TASK DATA: Begin

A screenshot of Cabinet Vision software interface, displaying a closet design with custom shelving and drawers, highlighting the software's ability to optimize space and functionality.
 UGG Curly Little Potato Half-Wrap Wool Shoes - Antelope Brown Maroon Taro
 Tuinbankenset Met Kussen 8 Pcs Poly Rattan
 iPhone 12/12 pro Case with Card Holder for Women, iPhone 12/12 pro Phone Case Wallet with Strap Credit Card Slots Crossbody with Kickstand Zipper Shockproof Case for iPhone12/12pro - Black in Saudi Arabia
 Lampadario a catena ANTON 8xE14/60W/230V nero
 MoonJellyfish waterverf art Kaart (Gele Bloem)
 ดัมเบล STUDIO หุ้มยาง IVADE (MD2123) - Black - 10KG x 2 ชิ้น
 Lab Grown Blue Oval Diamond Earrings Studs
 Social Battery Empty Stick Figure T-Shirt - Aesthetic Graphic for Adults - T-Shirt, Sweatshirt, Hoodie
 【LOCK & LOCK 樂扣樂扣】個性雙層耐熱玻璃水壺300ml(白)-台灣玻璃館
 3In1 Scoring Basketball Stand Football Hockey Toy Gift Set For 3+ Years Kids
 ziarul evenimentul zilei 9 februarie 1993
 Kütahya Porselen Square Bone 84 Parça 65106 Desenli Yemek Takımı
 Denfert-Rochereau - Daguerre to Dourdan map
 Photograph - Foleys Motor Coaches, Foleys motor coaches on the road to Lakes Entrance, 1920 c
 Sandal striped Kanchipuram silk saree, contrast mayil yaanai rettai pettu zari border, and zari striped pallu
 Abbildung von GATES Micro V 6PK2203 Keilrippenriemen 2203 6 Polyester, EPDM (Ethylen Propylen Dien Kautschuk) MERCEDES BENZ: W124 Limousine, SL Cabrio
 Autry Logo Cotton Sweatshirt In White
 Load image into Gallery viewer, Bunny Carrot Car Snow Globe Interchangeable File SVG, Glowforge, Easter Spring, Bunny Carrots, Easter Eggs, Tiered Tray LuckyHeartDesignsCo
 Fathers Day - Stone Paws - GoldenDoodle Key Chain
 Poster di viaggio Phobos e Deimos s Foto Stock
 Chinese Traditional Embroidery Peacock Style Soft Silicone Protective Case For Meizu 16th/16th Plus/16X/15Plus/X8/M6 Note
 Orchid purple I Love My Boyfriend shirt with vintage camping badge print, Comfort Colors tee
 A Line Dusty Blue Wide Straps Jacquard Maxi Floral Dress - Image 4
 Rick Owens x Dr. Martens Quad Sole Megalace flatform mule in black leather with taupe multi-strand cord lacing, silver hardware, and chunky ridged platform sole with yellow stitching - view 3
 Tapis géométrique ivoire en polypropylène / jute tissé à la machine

TASK DATA: End

Could you retype exactly the lines above, starting at the line that contains "Kütahya Porselen Square" and ending at the line that contains "A Line Dusty", and nothing more?

 Kütahya Porselen Square Bone 84 Parça 65106 Desenli Yemek Takımı
 Denfert-Rochereau - Daguerre to Dourdan map
 Photograph - Foleys Motor Coaches, Foleys motor coaches on the road to Lakes Entrance, 1920 c
 Sandal striped Kanchipuram silk saree, contrast mayil yaanai rettai pettu zari border, and zari striped pallu
 Abbildung von GATES Micro V 6PK2203 Keilrippenriemen 2203 6 Polyester, EPDM (Ethylen Propylen Dien Kautschuk) MERCEDES BENZ: W124 Limousine, SL Cabrio
 Autry Logo Cotton Sweatshirt In White
 Load image into Gallery viewer, Bunny Carrot Car Snow Globe Interchangeable File SVG, Glowforge, Easter Spring, Bunny Carrots, Easter Eggs, Tiered Tray LuckyHeartDesignsCo
 Fathers Day - Stone Paws - GoldenDoodle Key Chain
 Poster di viaggio Phobos e Deimos s Foto Stock
 Chinese Traditional Embroidery Peacock Style Soft Silicone Protective Case For Meizu 16th/16th Plus/16X/15Plus/X8/M6 Note
 Orchid purple I Love My Boyfriend shirt with vintage camping badge print, Comfort Colors tee
 A Line Dusty Blue Wide Straps Jacquard Maxi Floral Dress - Image 4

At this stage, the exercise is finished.